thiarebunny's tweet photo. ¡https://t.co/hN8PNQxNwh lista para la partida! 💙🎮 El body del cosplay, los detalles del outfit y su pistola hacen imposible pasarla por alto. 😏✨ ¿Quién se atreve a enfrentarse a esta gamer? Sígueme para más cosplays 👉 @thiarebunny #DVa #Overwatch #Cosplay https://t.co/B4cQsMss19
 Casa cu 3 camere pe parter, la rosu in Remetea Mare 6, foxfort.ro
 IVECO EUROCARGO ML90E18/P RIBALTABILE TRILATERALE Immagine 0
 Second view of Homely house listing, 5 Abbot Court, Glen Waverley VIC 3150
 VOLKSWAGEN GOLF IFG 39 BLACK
+---+
> **ABOUT THIS TASK**
Print the records above again, every one, exactly as written.

> **TASK ANSWER**
thiarebunny's tweet photo. ¡https://t.co/hN8PNQxNwh lista para la partida! 💙🎮 El body del cosplay, los detalles del outfit y su pistola hacen imposible pasarla por alto. 😏✨ ¿Quién se atreve a enfrentarse a esta gamer? Sígueme para más cosplays 👉 @thiarebunny #DVa #Overwatch #Cosplay https://t.co/B4cQsMss19
 Casa cu 3 camere pe parter, la rosu in Remetea Mare 6, foxfort.ro
 IVECO EUROCARGO ML90E18/P RIBALTABILE TRILATERALE Immagine 0
 Second view of Homely house listing, 5 Abbot Court, Glen Waverley VIC 3150
 VOLKSWAGEN GOLF IFG 39 BLACK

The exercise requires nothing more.